Support Vector Machines

Support vector machines are a set of supervised learning algorithms. The following section contains an overview of two learning algorithms belonging to this set which both are consid-ered in this thesis. The first algorithm is the support vector machine (SVM) used for binary classification. The second algorithm is support vector regression (SVR) used for prediction of continuous values. For clarification of notation, in this thesis support vector machines (plu-ral) refer to the whole family of support vector machines prediction models where the support vector machine and support vector regression are two subgroups.

2.1

Support Vector Machine

The Support Vector Machine (SVM) is a model for binary classification. The current form of SVM is a non-linear generalization of the generalized portrait algorithm (Vapnik & Lerner, 1963; Vapnik & Chervonenkis, 1964). The originally proposed algorithm was a linear classifier and Boser et al. (1992) suggested using the kernel trick which extended the model to non-linear classification. The earliest implementations of SVM were developed for linearly separable data and Cortes & Vapnik (1995) proposed an extension to SVM for non-linearly separable data.

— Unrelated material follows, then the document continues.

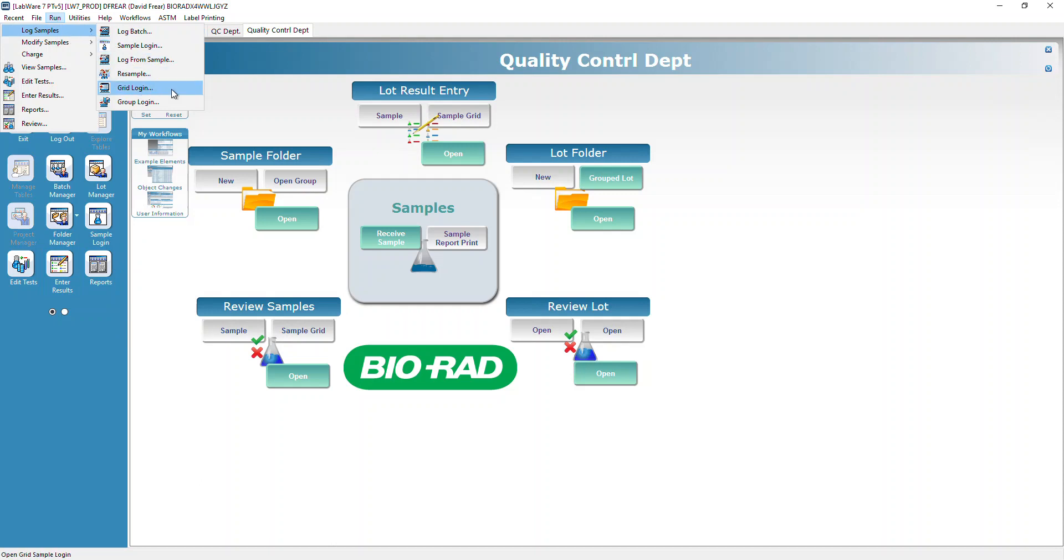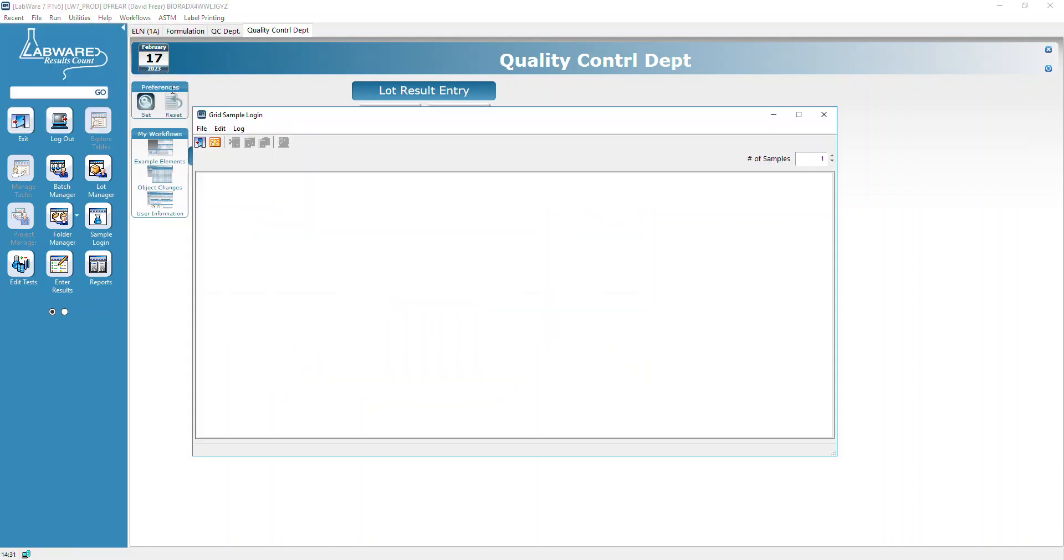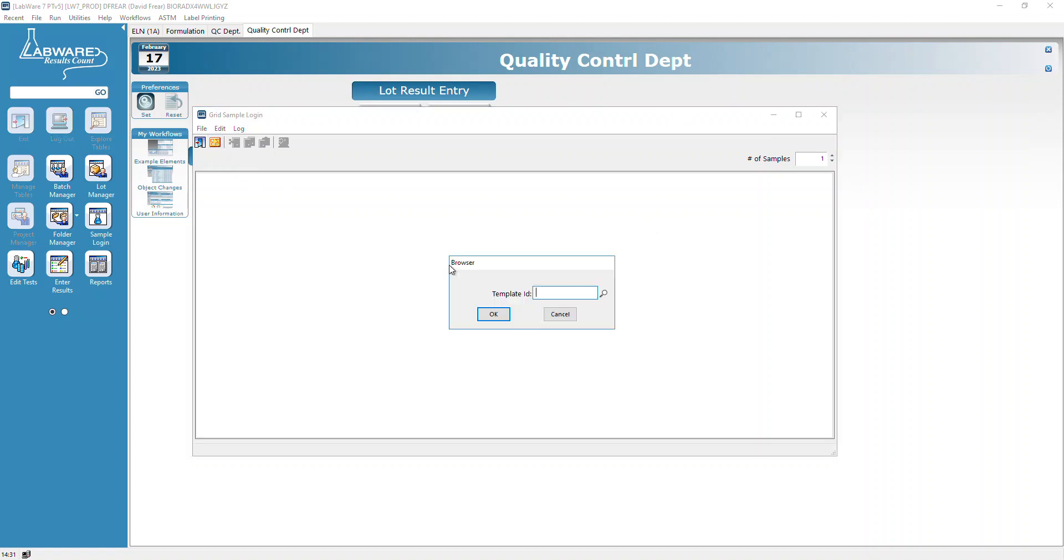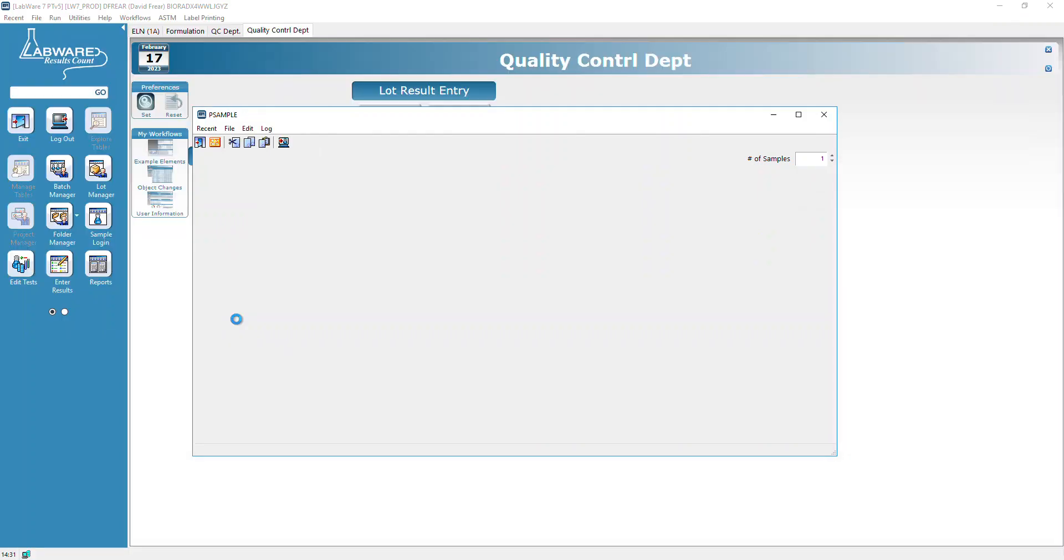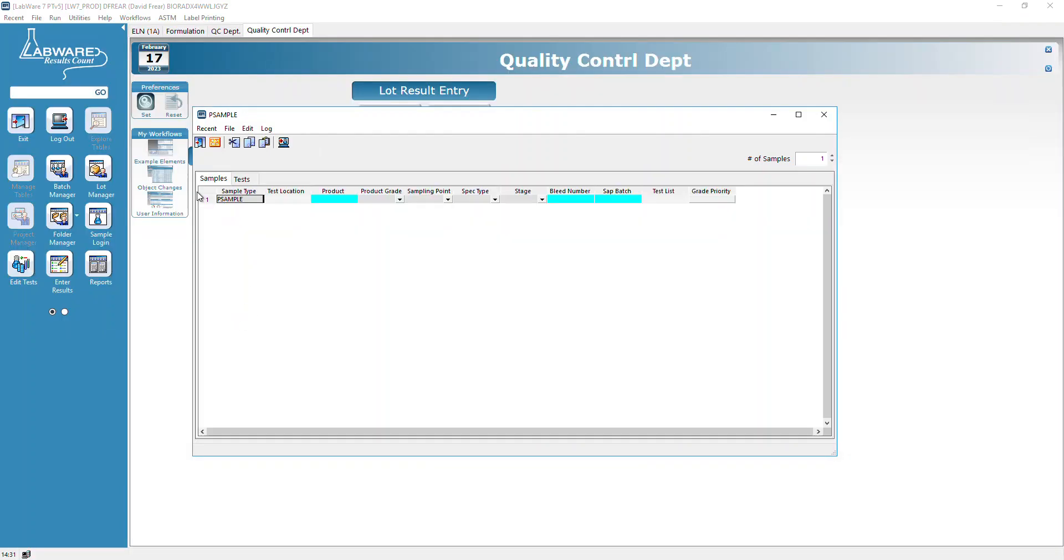Once you get to this screen, we can select a template using this waffle. We're going to select the P sample login template and click OK.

2.1.1 The optimization problem

The SVM works by constructing a decision rule, which separates the data into two classes. The goal of SVM is to, from a given set of functions, find the function which best approximates the unknown decision rule. Best in this case refers to the function that gives the smallest probability of error in classification. The approximation of the unknown decision rule is created by, given a set of training data, constructing a separating hyperplane which divides the data into the two classes. Formally the SVM algorithm is described as follows. The training set is given in the form of pairs

(x1, y1), ..., (x`, y`), xi ∈ X , yi ∈ Y (1)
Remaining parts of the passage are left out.